Mars has been a bright feature of our evening sky for a few months but each week it's getting lower, fainter and more difficult to spot.

Earth orbits the Sun faster than Mars does and we're leaving it behind. From our point of view Mars is getting closer to the Sun each evening, and will continue to do so until it disappears behind the Sun in June. In December it will emerge as a morning object but won't be a convenient evening object again until 2021.

As you watch Mars fade from view, spare a thought for the robotic rover "Opportunity" that began exploring there in 2004. Last year Opportunity found trouble in a dust storm that obscured its solar panels. Sadly there was no recovery and the last transmission from Opportunity was, to paraphrase its techno-language, "My battery is low and it's getting dark". After fifteen years of successful research, NASA declared the valiant robot's mission complete.

We have another Mars-related farewell to make. In 2012 the Mars One project announced its plan to send volunteers to live the rest of their lives on Mars. The idea was loved by the media and the general public, but within the spaceflight industry it received a more sceptical reception. I was unusually harsh with my criticism and today I can't resist the chance to put the boot in one more time.

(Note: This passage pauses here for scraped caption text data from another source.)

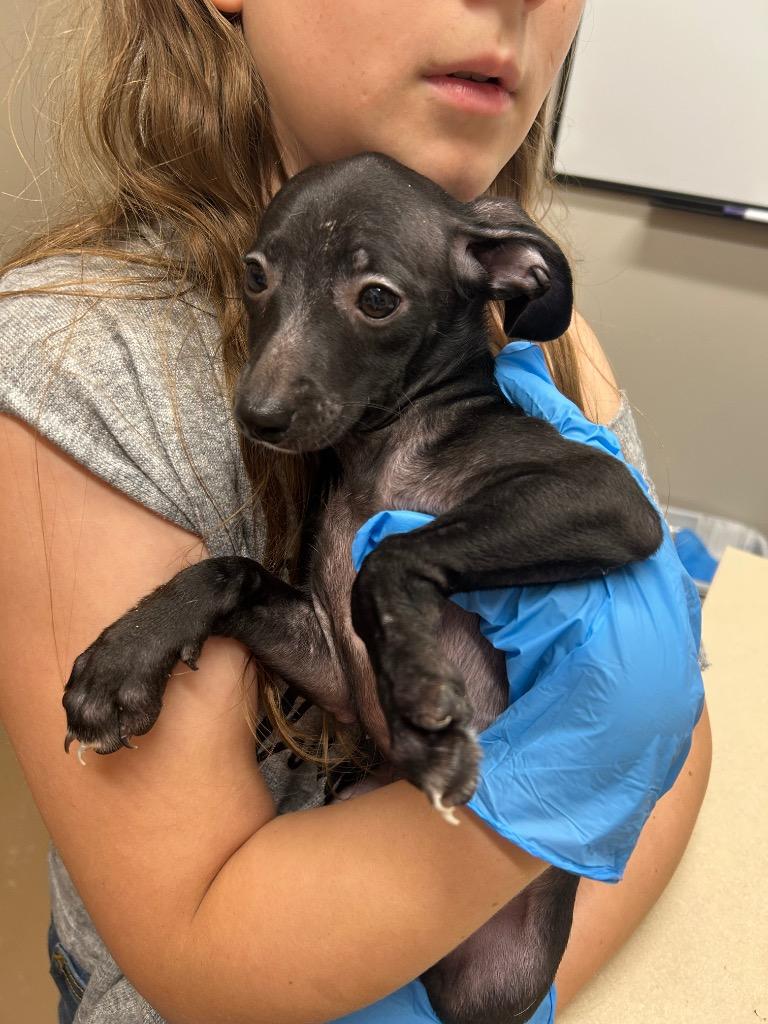 Wilma, Adoptable, Puppy Female Pit Bull Terrier & Chihuahua.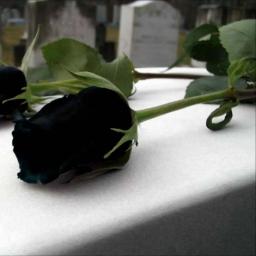 black-rose-seeds-rare.jpg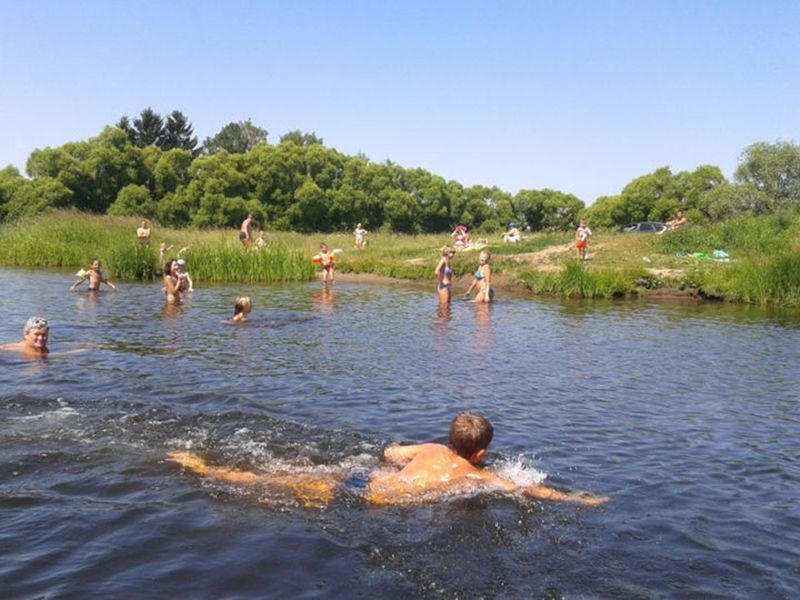 Чтобы не случилось беды: правила безопасного поведения на воде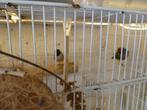 Diamant gould, Animaux & Accessoires, Oiseaux | Canaris, Sexe inconnu, Canari de couleur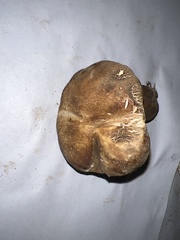Gyroporus castaneus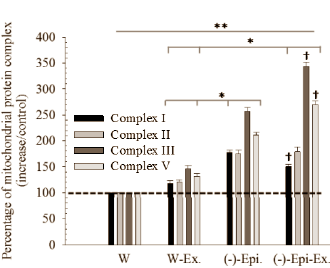 Cocoa makes you fit faster
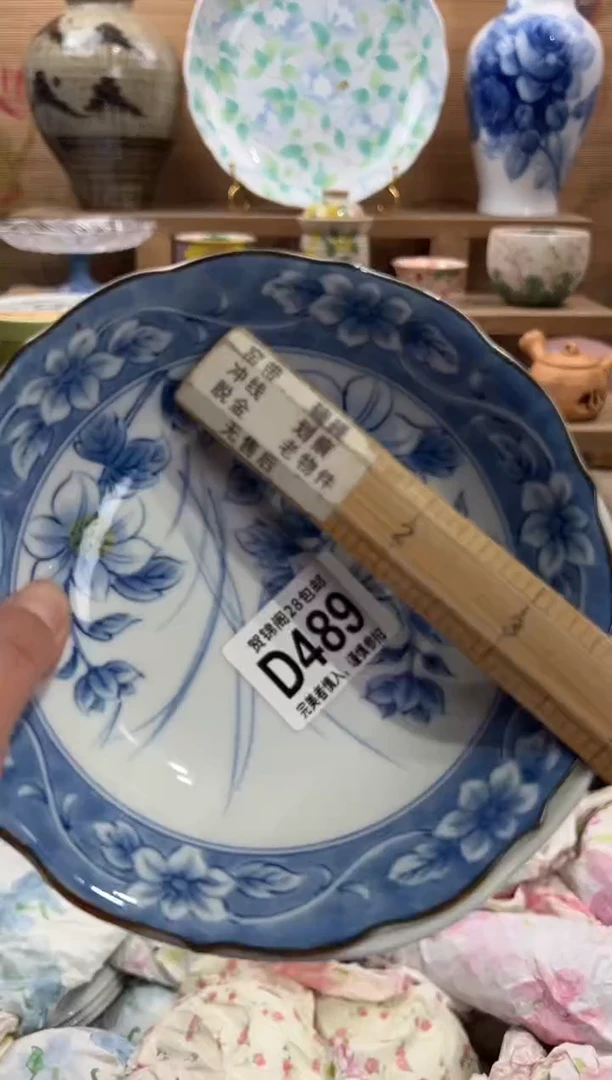 瓷片〰*      D489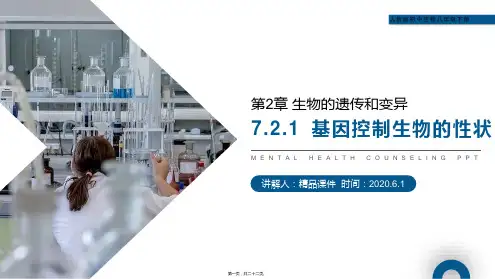 (生物的遗传和变异(基因控制生物的性状))人教版初中生物八年级下册教学课件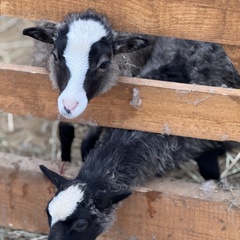 Парк-отель Благодача, Московская область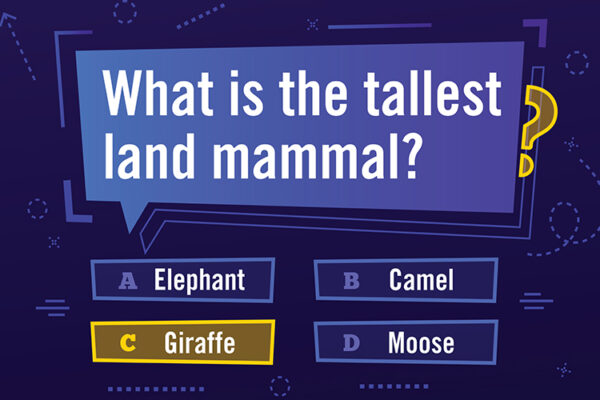 Trivia question: "What is the tallest land mammal?"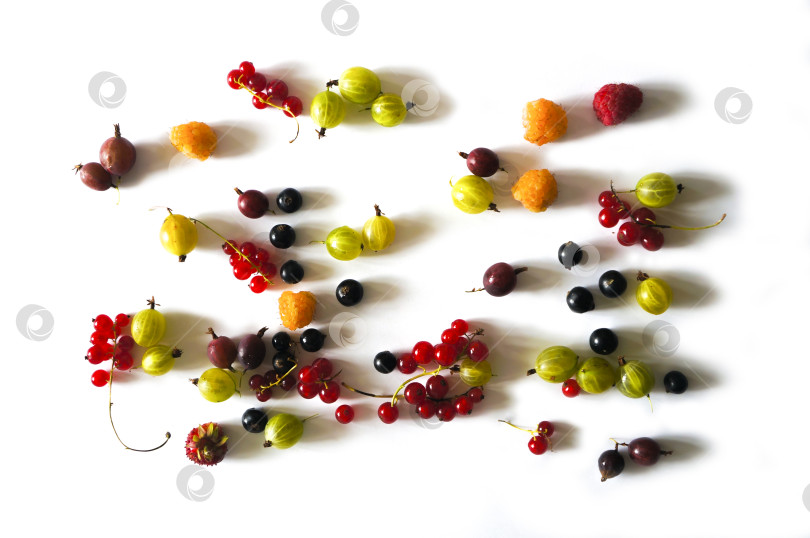 Скачать Разнообразные свежие летние ягоды, рассыпанные на белом фоне фотосток Ozero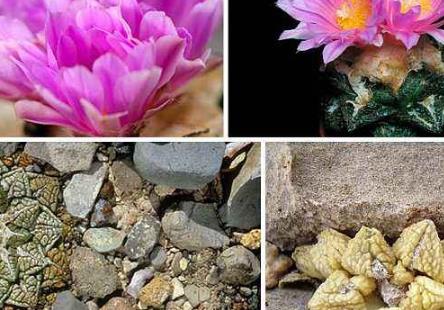 多肉罕見(jiàn)品種_少見(jiàn)多肉植物_比較少見(jiàn)的多肉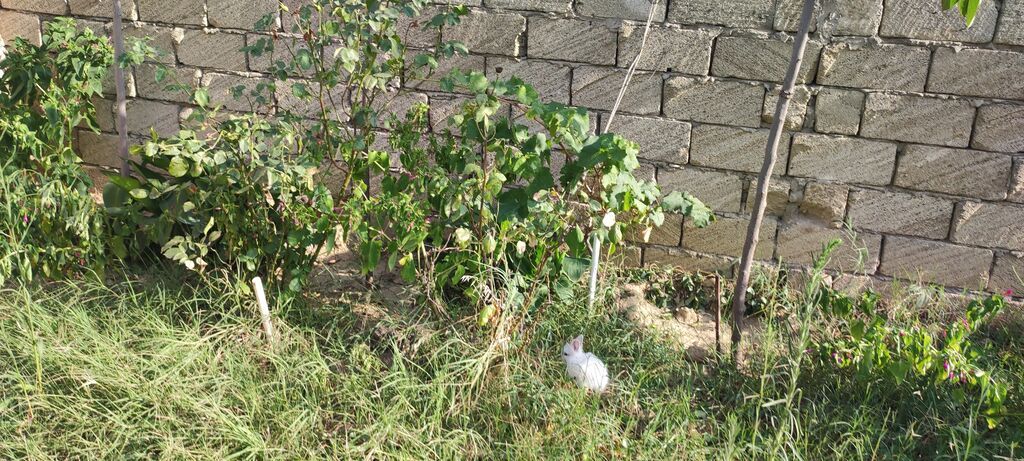 2 sot, Tikinti, Mülkiyyətçi, Kupça (Çıxarış)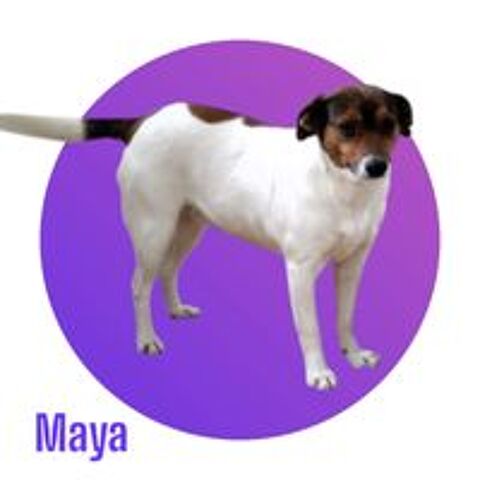   MAYA cherche sa famille pour la vie ! 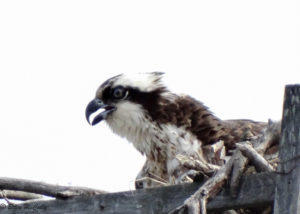 photo of osprey on nest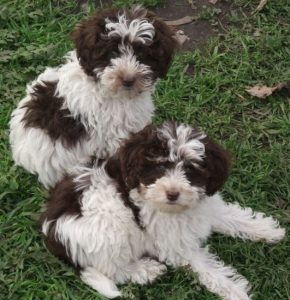 Best Schnoodle Breeders in the United States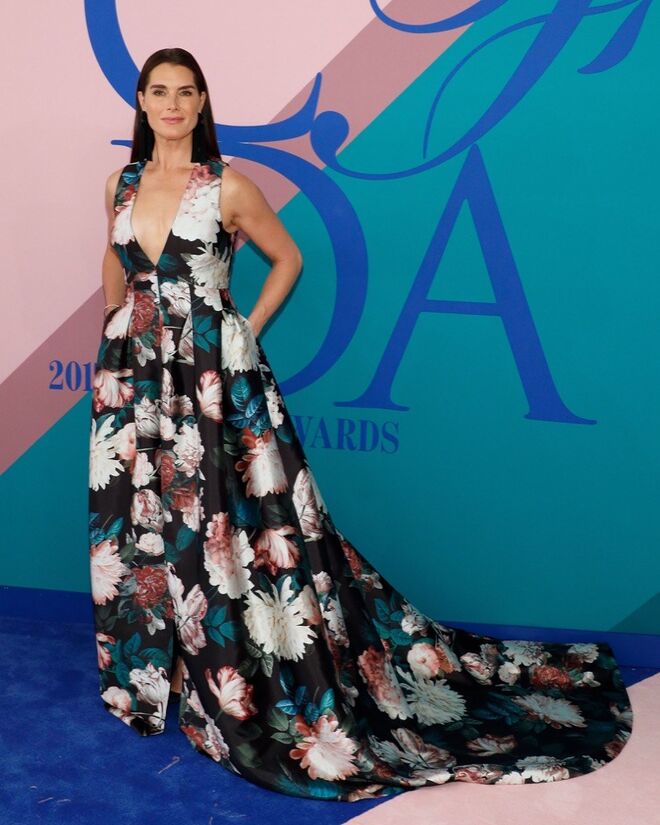 Brooke Shields, Sachin & Babi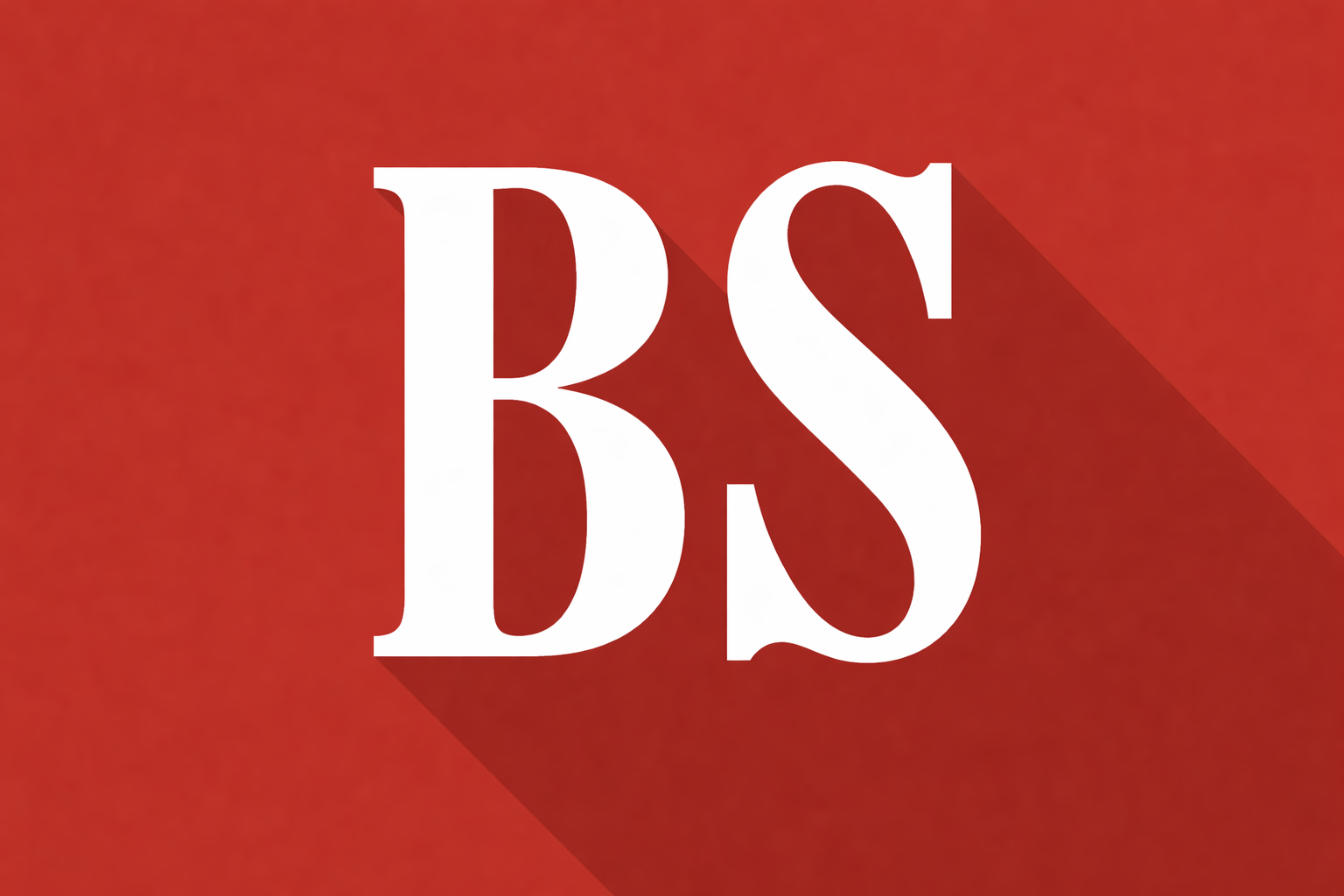 Business Standard Media Logo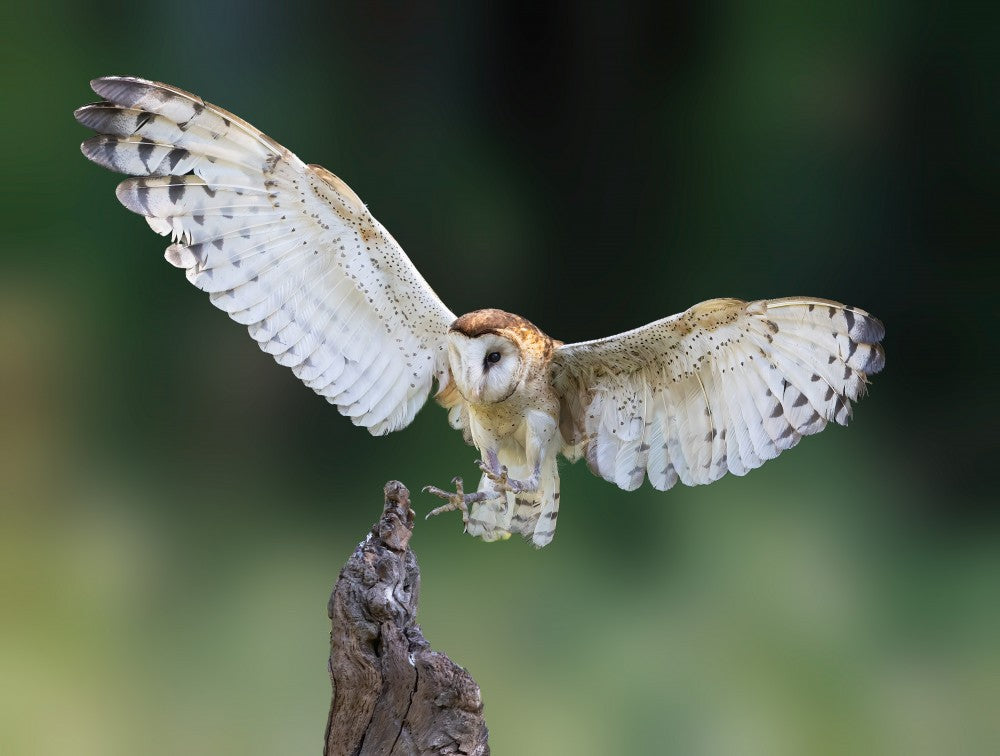 Landing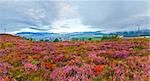 September morning country foothills panorama with heather flowers and wooden cross (Lviv Oblast, Ukraine)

Mars One was never going to fly. Their rocket-building plan had less substance than aerogel. Their fund-raising plan was astonishingly naive. Their astronaut recruitment process was terrifyingly inept. Their whole strategy was masterminded by well-meaning but slow-witted muppets.

I do acknowledge the honest efforts of founder Bas Lansdorp and his team in earlier years, but as desperation set in, they went from being comically incompetent to seriously fraudulent. It's been obvious for years that the whole fatuous endeavour was doomed. The only question was how long it would take the company to go broke.

We can now answer that question: It took until February 2019. The commercial arm of the organisation has been declared bankrupt. Goodbye Mars One, and thanks for all the nothing.

 

Mars in the western sky

Below: This column as it appeared in the Wāipa Post (click for full-sized version)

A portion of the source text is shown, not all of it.